Problem requirements: Beginning with the line that holds "新品・未使用 黒 フード付きジャケット 120", copy each line exactly through the end of the entries, but leave the pictures out.

Records for processing section start

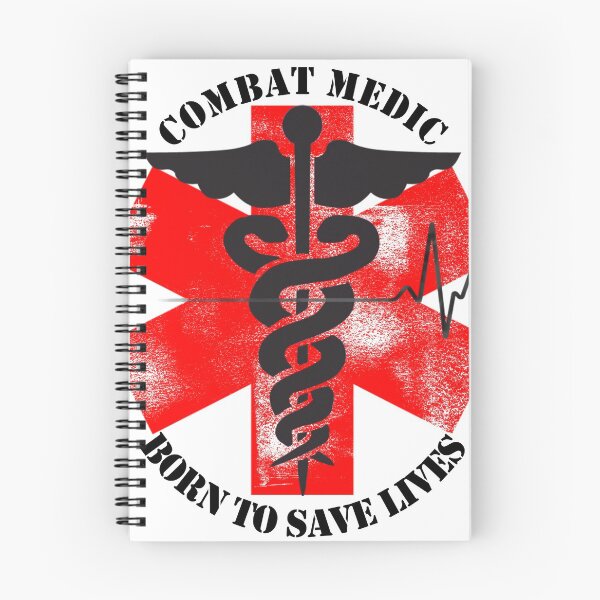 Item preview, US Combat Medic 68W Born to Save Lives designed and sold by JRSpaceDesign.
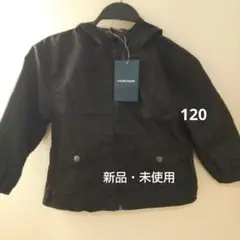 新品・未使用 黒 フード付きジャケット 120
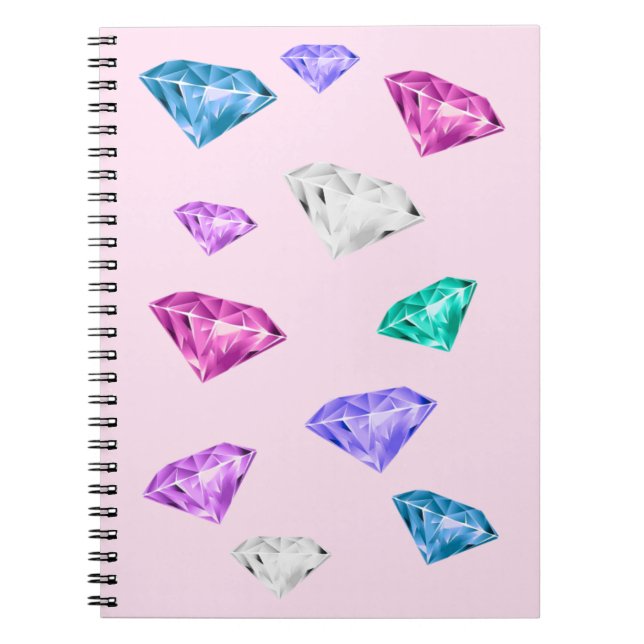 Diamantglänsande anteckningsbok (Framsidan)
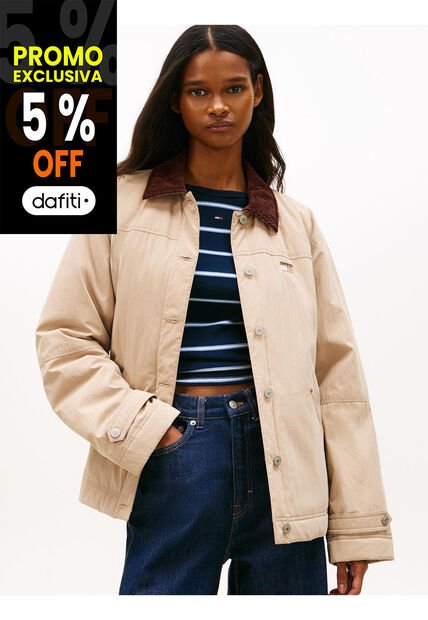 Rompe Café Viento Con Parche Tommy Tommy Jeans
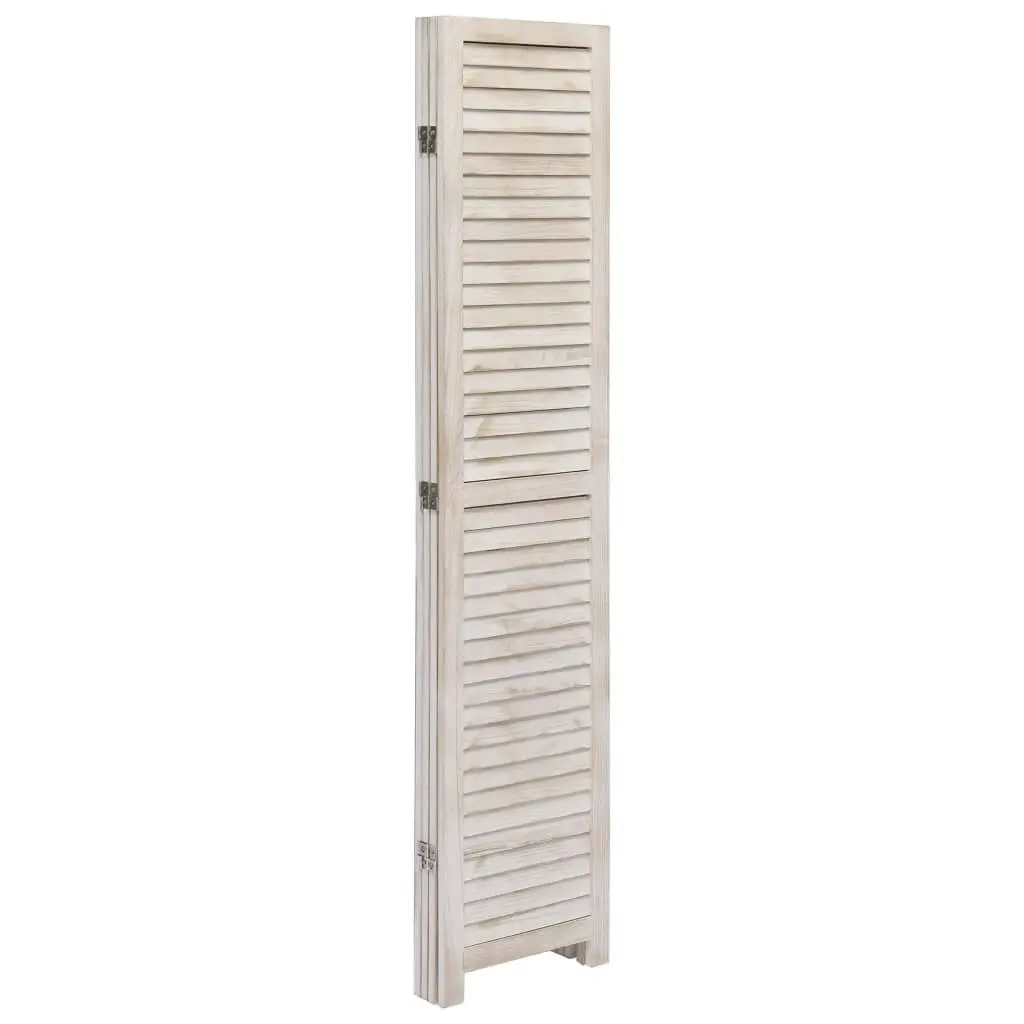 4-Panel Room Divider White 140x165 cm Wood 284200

Records for processing section end

Result of this task:
 新品・未使用 黒 フード付きジャケット 120
 Diamantglänsande anteckningsbok (Framsidan)
 Rompe Café Viento Con Parche Tommy Tommy Jeans
 4-Panel Room Divider White 140x165 cm Wood 284200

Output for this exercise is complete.